Never in the history of the railway has its future depended so critically on the views of two outsiders, Lord Cullen and Professor Uff. CHRISTIAN WOLMAR urges them to ignore the emotional clarion calls for universal ATP installation after Ladbroke Grove and ensure that safety investment is concentrated on areas where it will have the most impact.

Are the railways safer now than a year ago?’ That was the question on every interviewer’s lips as I did the round of the studios on the days leading up to the anniversary of the Ladbroke Grove train crash.

The broadcast media want the answer in 30 words without any ifs and buts. Real life, of course, is not so simple and even in the 1,700 words at my disposal here, it is a question to which it is virtually impossible to provide an answer, but at least I can offer some pointers.
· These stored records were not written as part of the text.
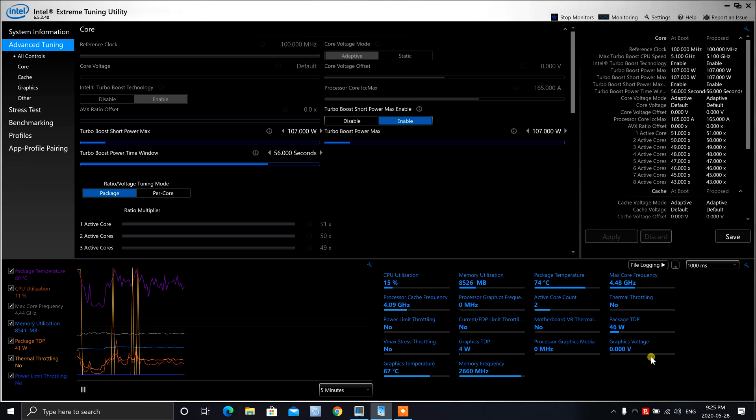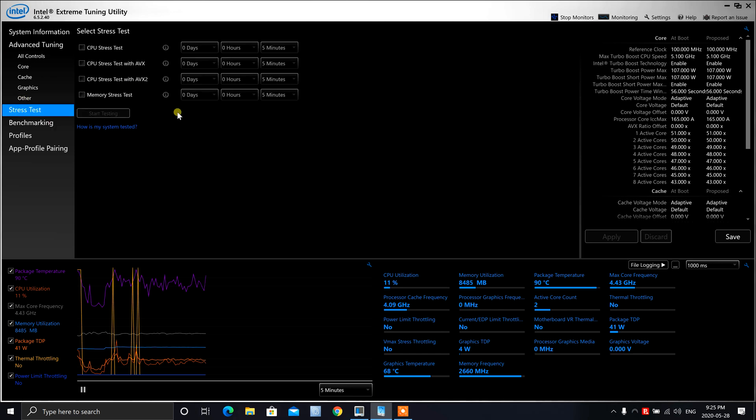I've added some information at the bottom so you can see details on power usage and whether the CPU is power throttling. This shows how much power the CPU uses. We're not really testing the graphics card with this utility, but we are going to do a stress test. I'm going to run all four tests here — I'll do a five-minute run on each test and fast forward through them.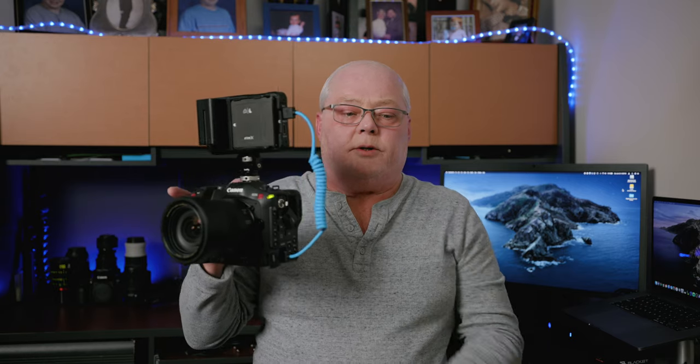Here we are with a basic Atomos Ninja 5 on top, mounted on a small cold shoe or hot shoe mount. You can bend this back and forth, no problem. Here's another quick run-and-gun setup — if you want that bigger five-inch monitor. I could also throw on a seven-inch monitor, and even though it's bigger it's actually less weight because it's just a monitor, not a recorder. This is one of my favorite run-and-gun setups — maybe stick a microphone on top too.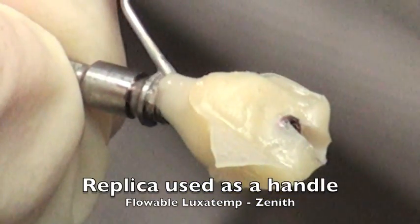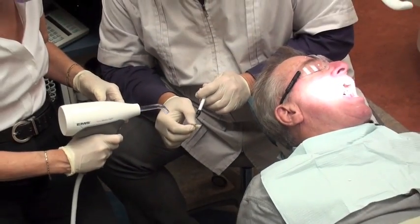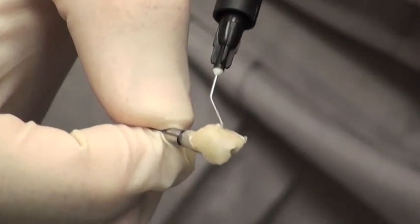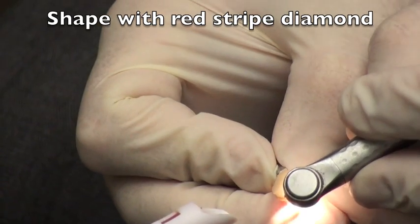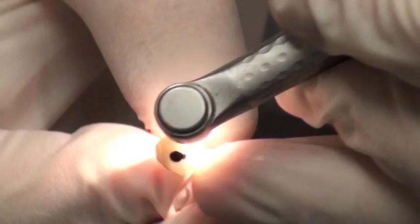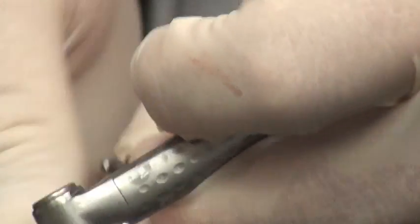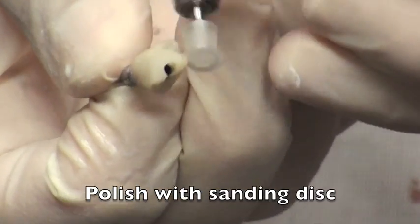We start to build up some flowable resin using Luxatemp flowable resin from Zenith, building it up and light-curing it — creating an emergence profile. You want to create an emergence profile that is very similar to the shape of the root anatomy, so that it is going to support the papilla and make this a nice result for the patient. We're able to build this down to the top of the cylinder, which is just over the hex. There is a margin area so you can see where you want to build this down. The beauty of this is it is all done outside of the mouth. As we smooth this down, we shape it and get an idea for what we want to accomplish with the crown fitting up inside to support the papilla, creating the emergence from the actual implant out to the full anatomy.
The anniversary quite understandably brought out extremely powerful emotions which make dispassionate analysis even more difficult. The survivors’ group is well organised and has made a powerful impact on the media. The BBC documentary which featured those injured in the crash highlighted just what a terrible blight the tragedy has inflicted not only on the 31 dead and their relatives but on many of the injured. The sight of the poor American, whose wounds have still not entirely healed despite spending the whole year in bed, struggling to his feet in absolute agony in an effort to walk again left me in tears.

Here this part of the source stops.